# Stocking



## GuitarShark (May 28, 2019)

Hello. How do I stop an ammonia spike? I wondered if I could possible add 7 Mbunas to a new tank. Thanks


----------



## Deeda (Oct 12, 2012)

There are a couple ways to reduce ammonia in an aquarium, one is to perform a water change AND add a water conditioner that is appropriate for your tap water parameters and the 2nd is to use a product like Prime water conditioner to temporarily make the ammonia non-toxic to your fish.

Can you provide more details on how long this tank has been set up and whether you properly cycled it so that you have zero ammonia, zero nitrite and some level of nitrate above zero.

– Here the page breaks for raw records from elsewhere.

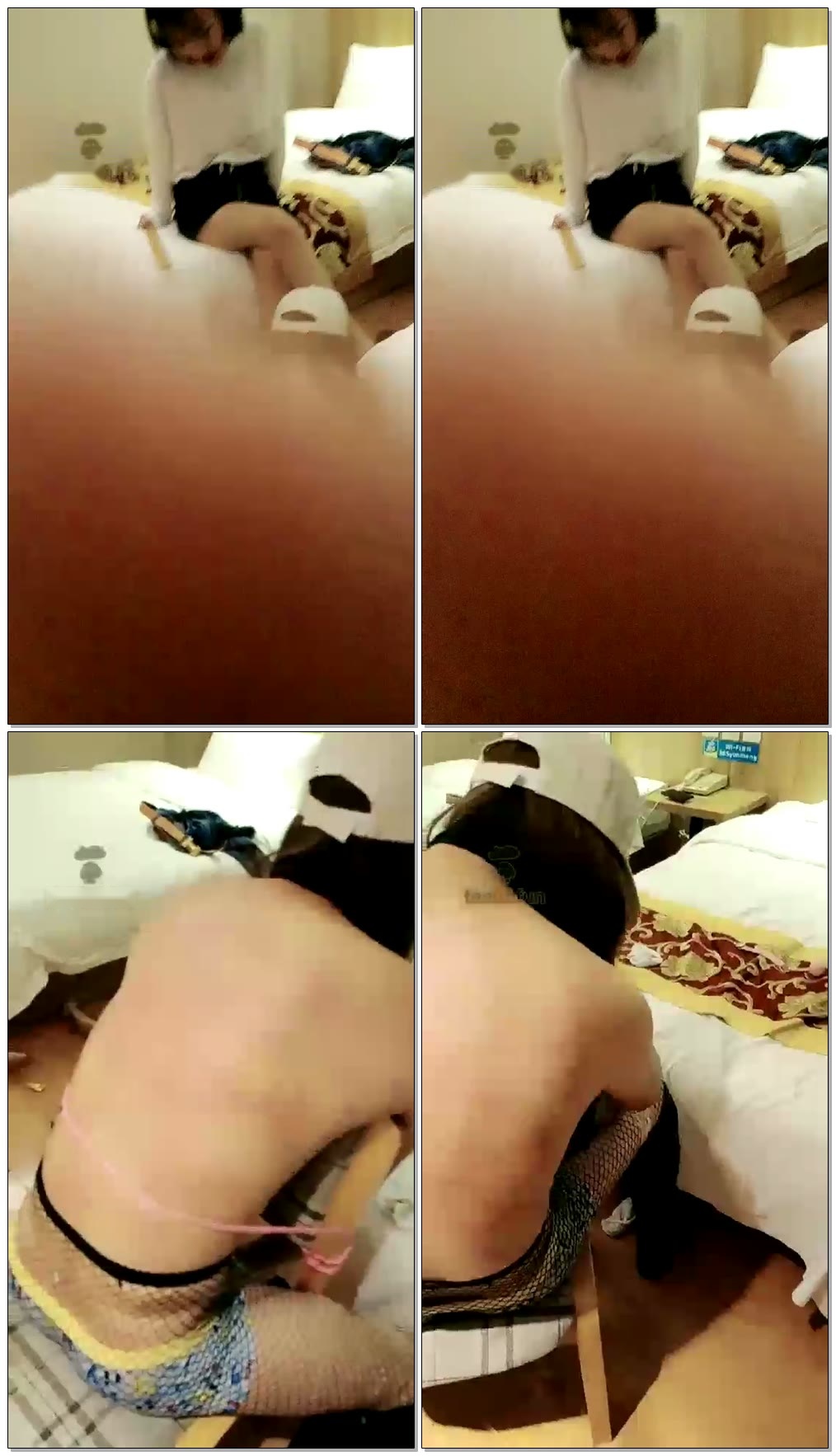 【豆雅双女王】捆绑鞭打调教【39分钟】【标清】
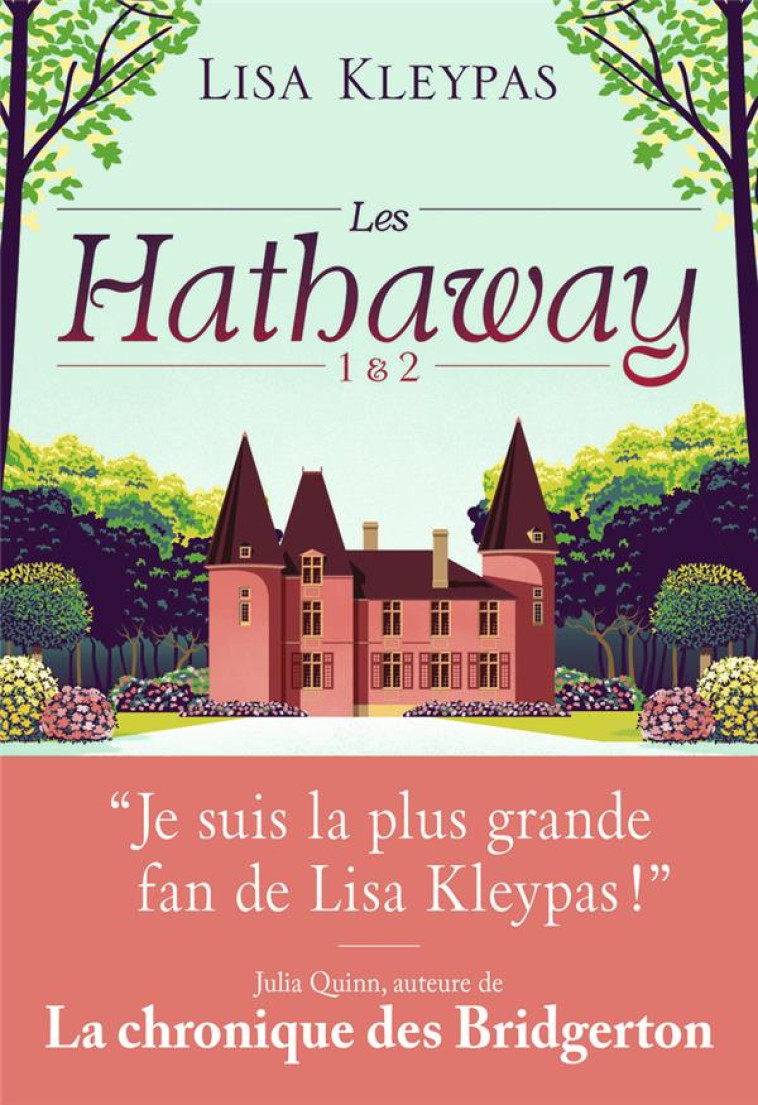 LES HATHAWAY - TOMES 1 & 2 - KLEYPAS LISA - J'AI LU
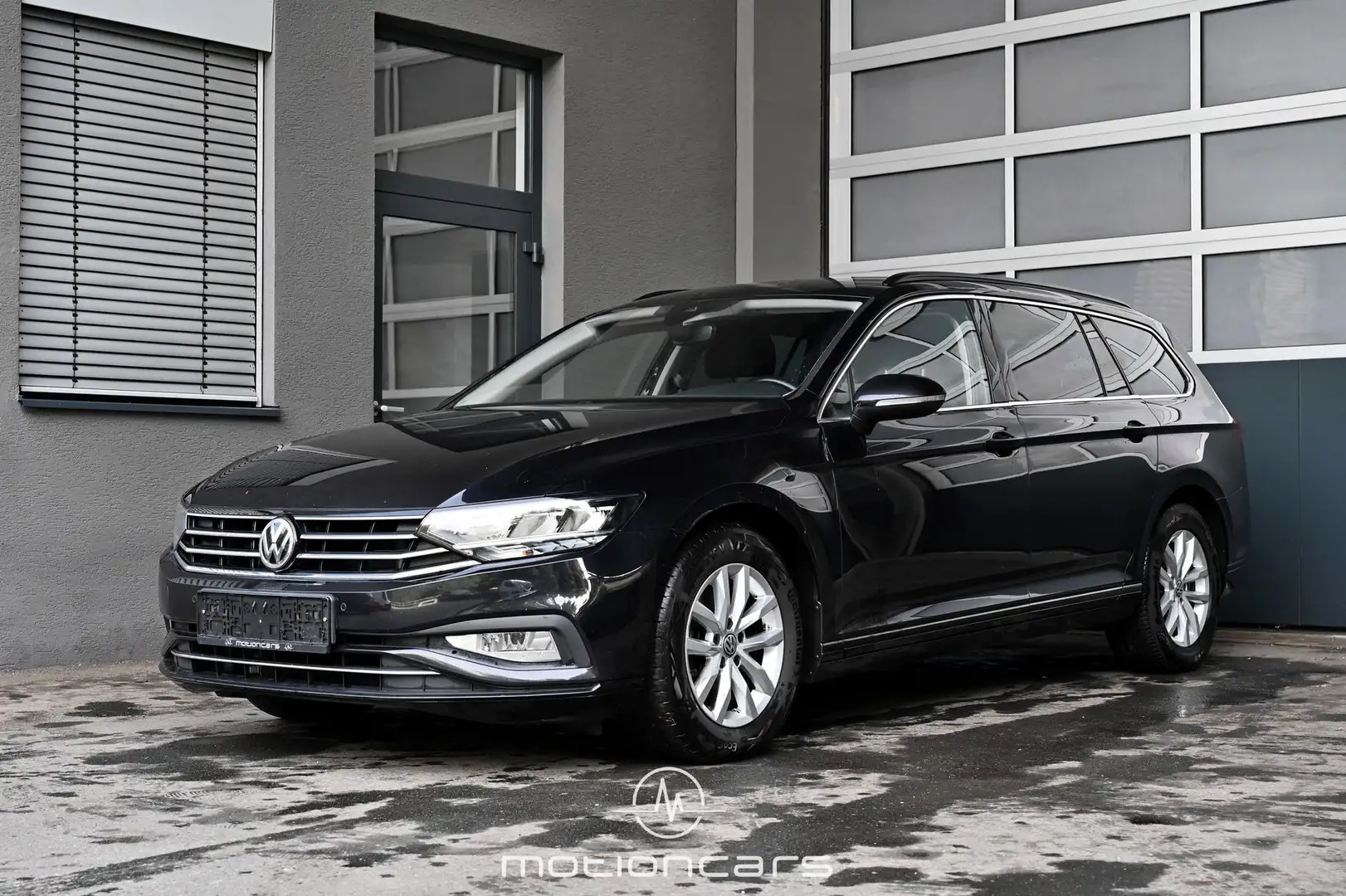 Volkswagen Passat Variant Passat 2.0 TDI BMT/Start-Stopp Business Pickerl Schwarz - 1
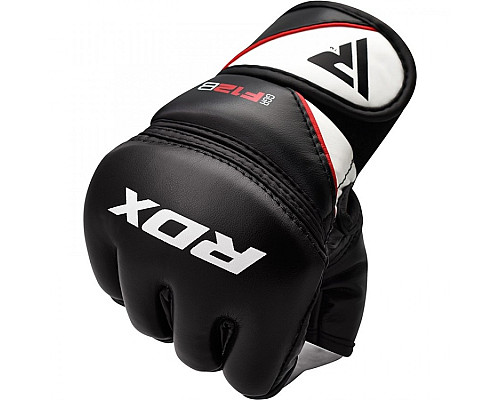 Рукавички ММА RDX Rex Leather XL, різнокольорові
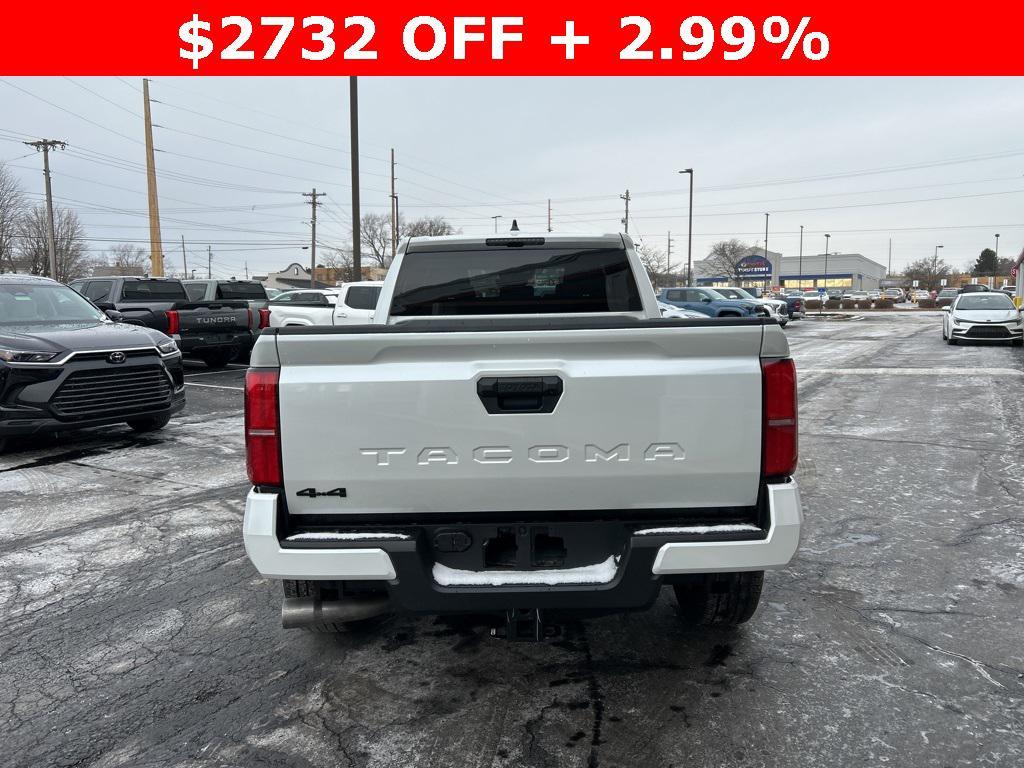 new 2026 Toyota Tacoma car, priced at $45,036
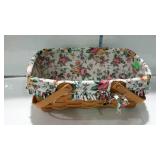 Longaberger Basket 1998 double handles with liner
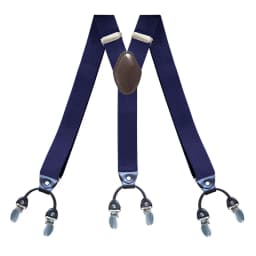 Suspenders for Men 3.5cm Wide Y Shaped 6 Metal Clips Adjustable Elastic Trouser Braces Strap Belts Wedding Party Formal Casual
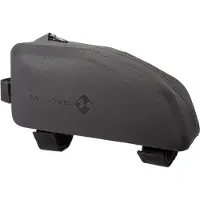 M-Wave Sacoche de cadre Rough Ride II, modèle supérieur, couleur noire
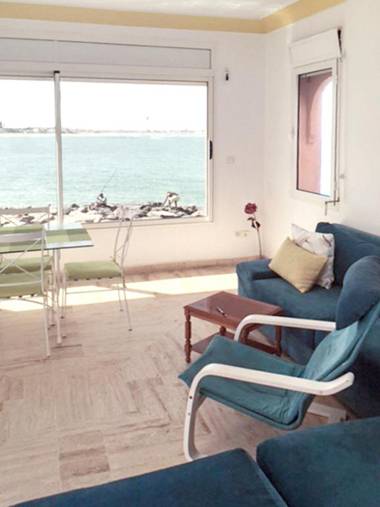 2 bedrooms appartement at Bouznika 20 m away from the beach with sea view shared pool and furnished balcony
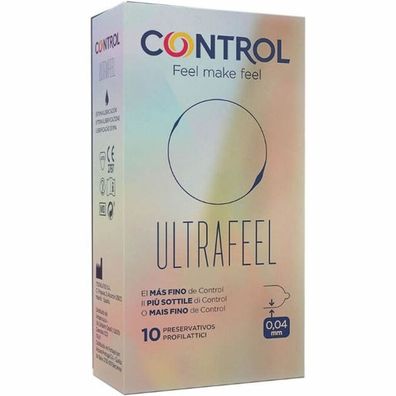 Control Condoms Adapta Kondome ultrafein 10 Stück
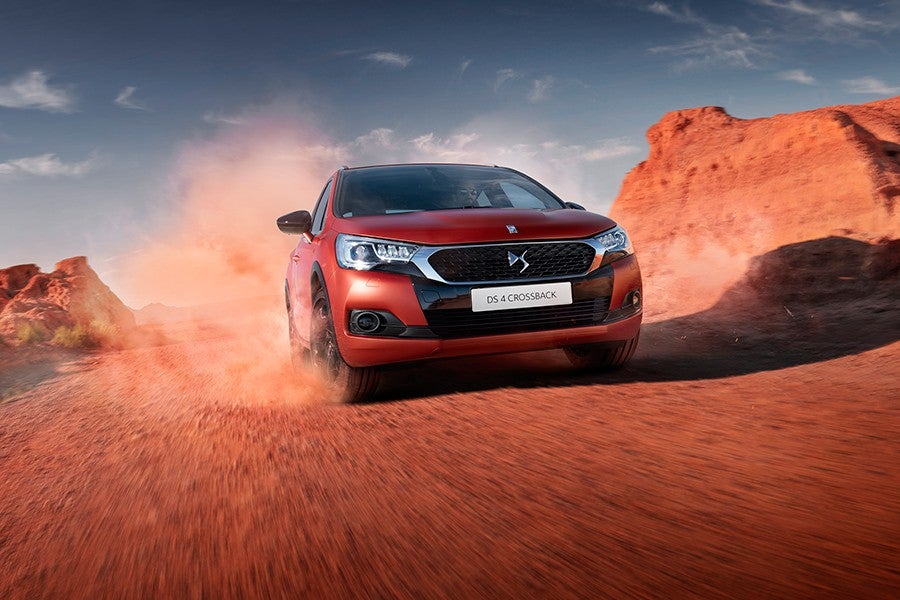 Nueva edición limitada del DS 4 Crossback Terre Rouge Nueva edición limitada del DS 4 Crossback Terre Rouge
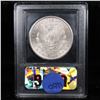 Image 5 : ***Auction Highlight*** 1886-o vam 17 Morgan Dollar $1 Graded Choice+ Unc By USCG (fc)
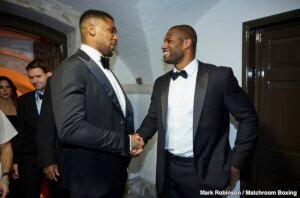 Tony Sims Says Joshua–Dubois Rematch Still “A Possibility”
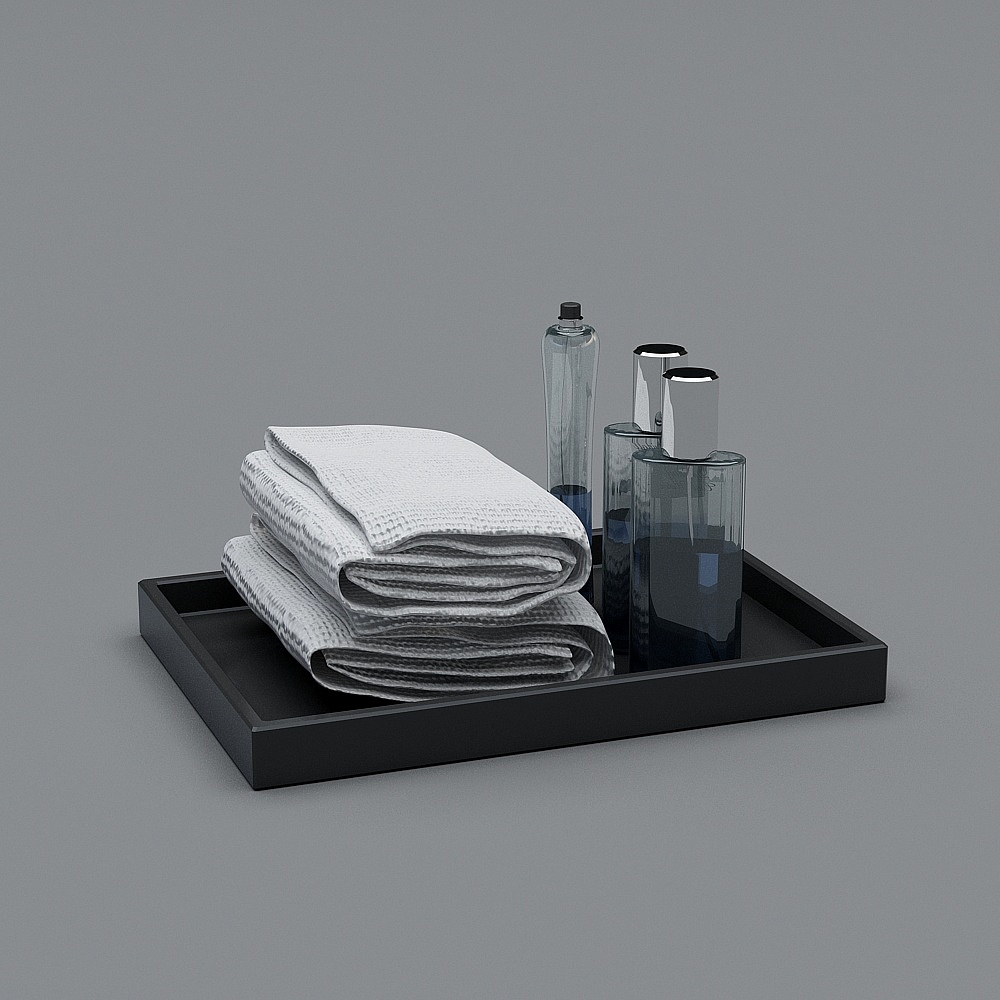 Bathroom combination-bottle tray type-10
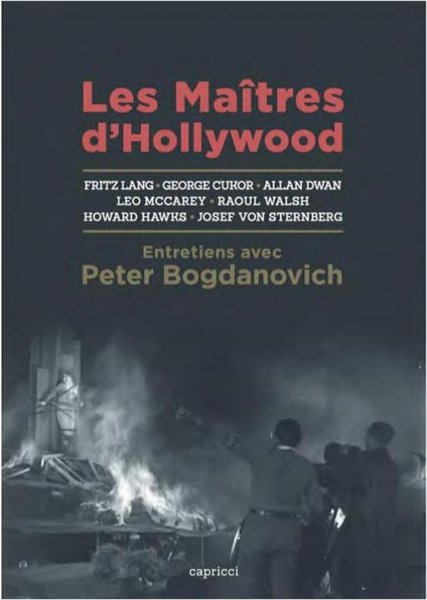 Couverture du livre: Les Maîtres d'Hollywood - Entretiens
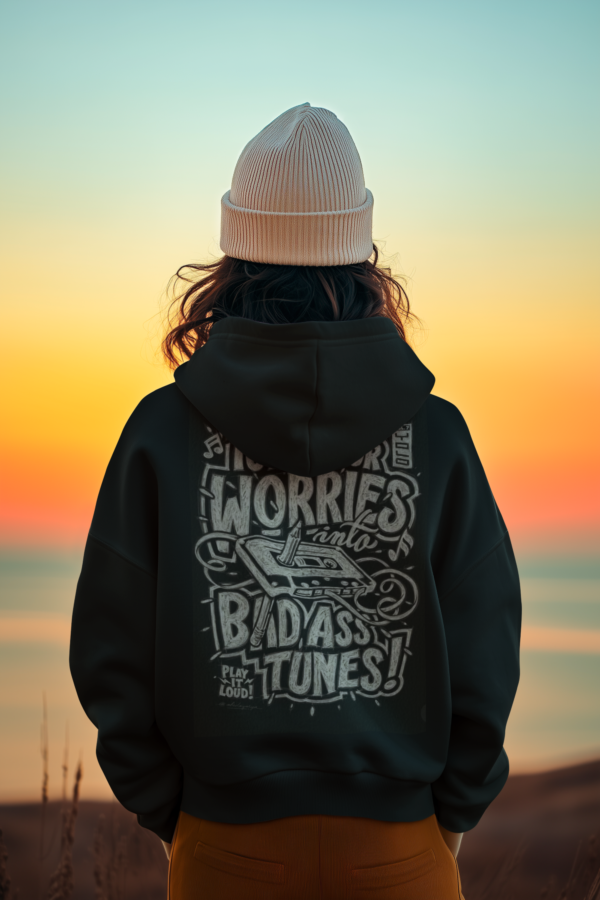 Buzo canguro Turn Your Worries - Imagen 2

I don't recommend adding any fish to this tank if it is not properly cycled.


----------



## GuitarShark (May 28, 2019)

This tank is currently cycling. I asked because I wanted to add fish as soon as it is is done and get a decent amount in the tank to reduce aggression. I am fish in cycling and have been so far for 2 weeks. Sorry to ask another question, but the conditioner you mentioned, could that be used to detoxify water so I could add cichlids during cycling?


----------



## DJRansome (Oct 29, 2005)

I would not cycle with fish, and if you are I would not add cichlids. Some use feeder goldfish.


----------



## ken31cay (Oct 9, 2018)

GuitarShark said:


> ...but the conditioner you mentioned, could that be used to detoxify water so I could add cichlids during cycling?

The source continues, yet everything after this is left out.